Another electrolyte system is discussed in U.S. Pat. No. 3,812,039. This patent teaches an electrolyte consisting essentially of an N-methylformamide solvent and at least 1% by weight of an acid maleate solute that consists in turn of equimolar amounts of maleic acid with ammonia, amine or alkali metal. Another approach is illustrated by U.K. patent application No. 2,041,646 which discloses a non-aqueous electrolyte comprising a cis isomer of an assymetrical unsaturated fatty acid molecule and certain salts thereof.

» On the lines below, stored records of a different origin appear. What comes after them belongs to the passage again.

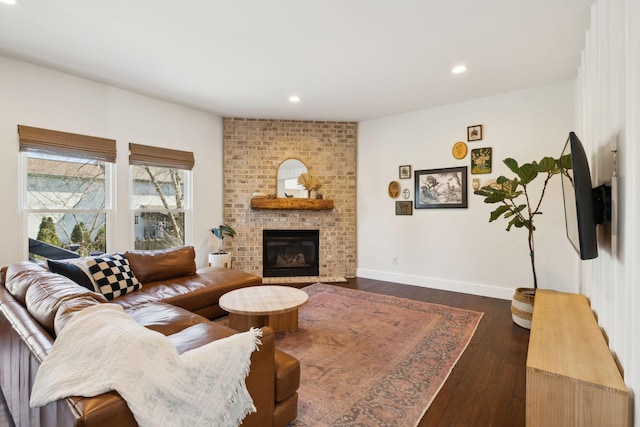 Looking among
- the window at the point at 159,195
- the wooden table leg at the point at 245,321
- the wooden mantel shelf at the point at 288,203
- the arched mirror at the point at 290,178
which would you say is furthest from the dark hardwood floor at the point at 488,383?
the arched mirror at the point at 290,178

Japanese publication No. 47-29424 discloses an electrolyte for an electrolytic capacitor containing salts of formic acid and adipic acid in combination with ethylene glycol. However, this reference does not teach the use of formic acid and adipic acid in combination. Furthermore, an amino alcohol is also present in the disclosed composition.
U.S. Pat. No. 3,547,423 discloses capacitor electrolytes comprising an organic base of a substituted ammonia compound in an organic acid. This patent is similar to the Japanese reference in that it contemplates the use of alkanolamine salts of organic acids, including adipic acid and formic acid in electrolyte compositions.